I have a simple pub/sub CQRS implementation using NServiceBus. A client sends commands on the bus, a domain server recieves and processes the commands and stores events to the eventstore, which are then published on the bus by the eventstore's dispatcher. a read-model server then subscribes to those events to update the read-model. Nothing fancy, pretty much by-the-book.
It is working, but just in simple tests I am getting lots of concurrency exceptions (intermittantly) on the domain server when the event is stored to the EventStore. It properly retries, but sometimes it hits the 5 retry limit and the command ends up on the error queue.
Where could I start investigating to see what is causing the concurrency exception? I remove the dispatcher and just focus on storing events and it has the same issue.
I'm using RavenDB for persistence of my EventStore. I'm not doing anything fancy, just this:
using (var stream = eventStore.OpenStream(entityId, 0, int.MaxValue))
{
stream.Add(new EventMessage { Body = myEvent });
stream.CommitChanges(Guid.NewGuid());
}
The stack trace for the exception looks like this:
2012-03-17 18:34:01,166 [Worker.14] WARN
NServiceBus.Unicast.UnicastBus [(null)] <(null)> -
EmployeeCommandHandler failed handling message.
EventStore.ConcurrencyException: Exception of type
'EventStore.ConcurrencyException' was thrown. at
EventStore.OptimisticPipelineHook.PreCommit(Commit attempt) in
c:\Code\public\EventStore\src\proj\EventStore.Core\OptimisticPipelineHook.cs:line
55 at EventStore.OptimisticEventStore.Commit(Commit attempt) in
c:\Code\public\EventStore\src\proj\EventStore.Core\OptimisticEventStore.cs:line
90 at EventStore.OptimisticEventStream.PersistChanges(Guid
commitId) in
c:\Code\public\EventStore\src\proj\EventStore.Core\OptimisticEventStream.cs:line
168 at EventStore.OptimisticEventStream.CommitChanges(Guid
commitId) in
c:\Code\public\EventStore\src\proj\EventStore.Core\OptimisticEventStream.cs:line
149 at CQRSTest3.Domain.Extensions.StoreEvent(IStoreEvents
eventStore, Guid entityId, Object evt) in
C:\dev\test\CQRSTest3\CQRSTest3.Domain\Extensions.cs:line 13 at
CQRSTest3.Domain.ComandHandlers.EmployeeCommandHandler.Handle(ChangeEmployeeSalary
message) in
C:\dev\test\CQRSTest3\CQRSTest3.Domain\ComandHandlers\Emplo
yeeCommandHandler.cs:line 55
I figured it out.

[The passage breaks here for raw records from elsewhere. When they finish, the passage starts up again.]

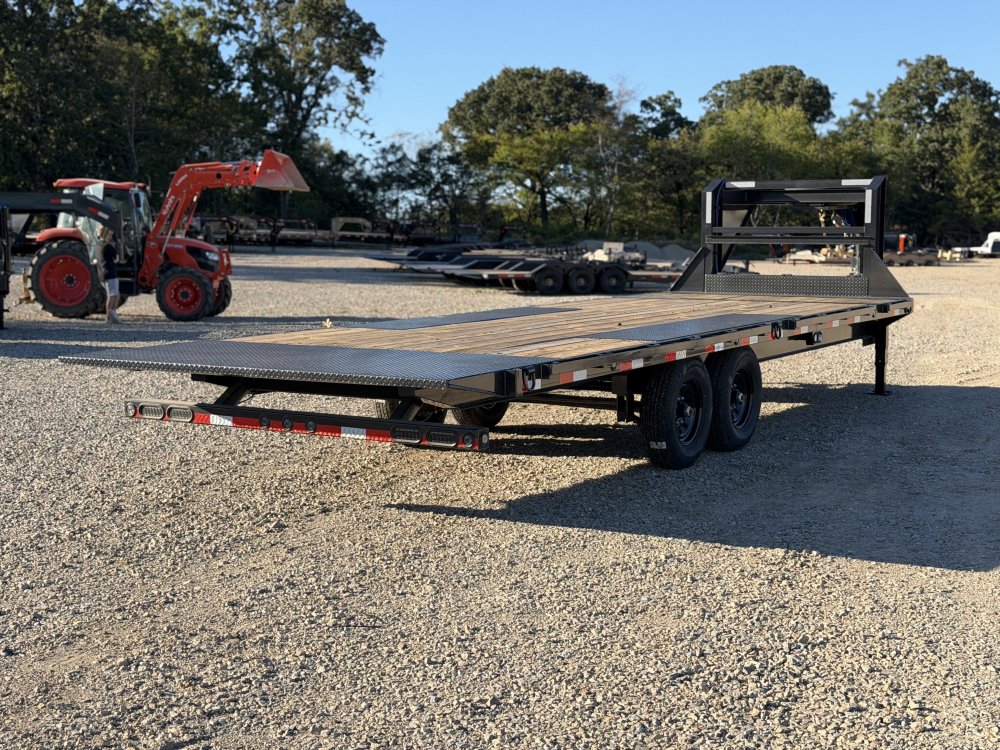 2027 102x26 GE LOAD TRAIL / TILT / WINCH PLATE / WIRELESS REMOTE / 14K GVWR / GOOSENECK TRAILER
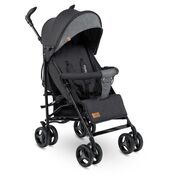 Carucior sport compact, Lionelo, Irma, Spatar reglabil in 4 pozitii, Suport picioare reglabil, Manere rotative, Pliere tip umbrela, 6- 36 luni, Pana la 15 kg, Conform cu EN1888-1:2018, Gri/Negru BYNLO-IRMA_BLACK/DARKGREY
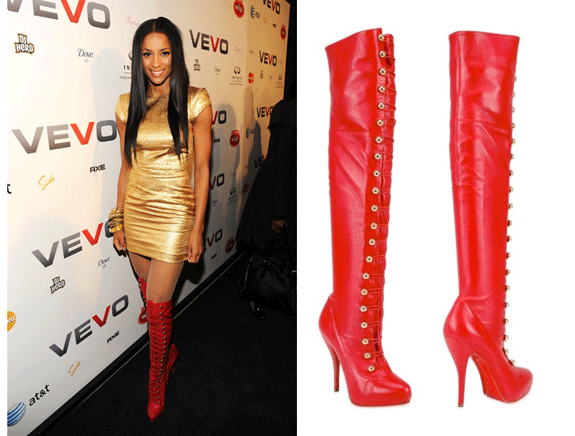 Splurge of the Day: Ciara’s Christian Louboutin Supra Red Fifre Nappa Boots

Had to dig through source code to find it though. I wish this was better documented! Here's my new eventstore wireup:
EventStore = Wireup.Init()
.UsingRavenPersistence("RavenDB")
.ConsistentQueries()
.InitializeStorageEngine()
.Build();
I had to add .ConsistentQueries() in order for the raven persistence provider to internally use WaitForNonStaleResults on the queries eventstore was making to raven.
Basically when I add a new event, and then try to add another before raven has caught up with indexing, the stream revision was not up to date. The second event would step on the first one.